A Vectorized Positive Semidefinite Penalty Method for Unconstrained Binary Quadratic Programming

TL;DR

This paper introduces a vectorized positive semidefinite penalty method for efficiently solving unconstrained binary quadratic programming problems, demonstrating superior performance over existing methods through numerical experiments.

Contribution

It proposes a novel vectorized PSDP approach with algorithmic enhancements and convergence analysis, improving computational efficiency and solution quality.

Findings

Outperforms semidefinite relaxation in solution quality

Achieves faster solution times

Provides high-quality solutions in practical applications

Abstract

The unconstrained binary quadratic programming (UBQP) problem is a class of problems of significant importance in many practical applications, such as in combinatorial optimization, circuit design, and other fields.
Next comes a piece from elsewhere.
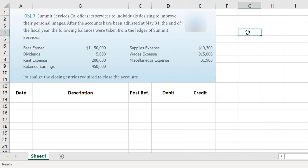In this example we're going to look at preparing our closing journal entries. Our company has a fiscal year end as of May 31st, and it gives us our revenues, expenses, dividends, and retained earnings balance. A good habit when doing closing entries with information provided this way is to first determine if you're going to have a net income or a net loss, because that's going to factor in how we put together that first journal entry.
The positive semidefinite penalty (PSDP) method originated from research on semidefinite relaxation, where the introduction of an exact penalty function improves the efficiency and accuracy of problem solving. In this paper, we propose a vectorized PSDP method for solving the UBQP problem, which optimizes computational efficiency by vectorizing matrix variables within a PSDP framework. Algorithmic enhancements in penalty updating and initialization are implemented, along with the introduction of two algorithms that integrate the proximal point algorithm and the projection alternating BB method for subproblem resolution. Properties of the penalty function and algorithm convergence are analyzed. Numerical experiments show the superior performance of the method in providing high-quality solutions and satisfactory solution times compared to the semidefinite relaxation method and other established methods.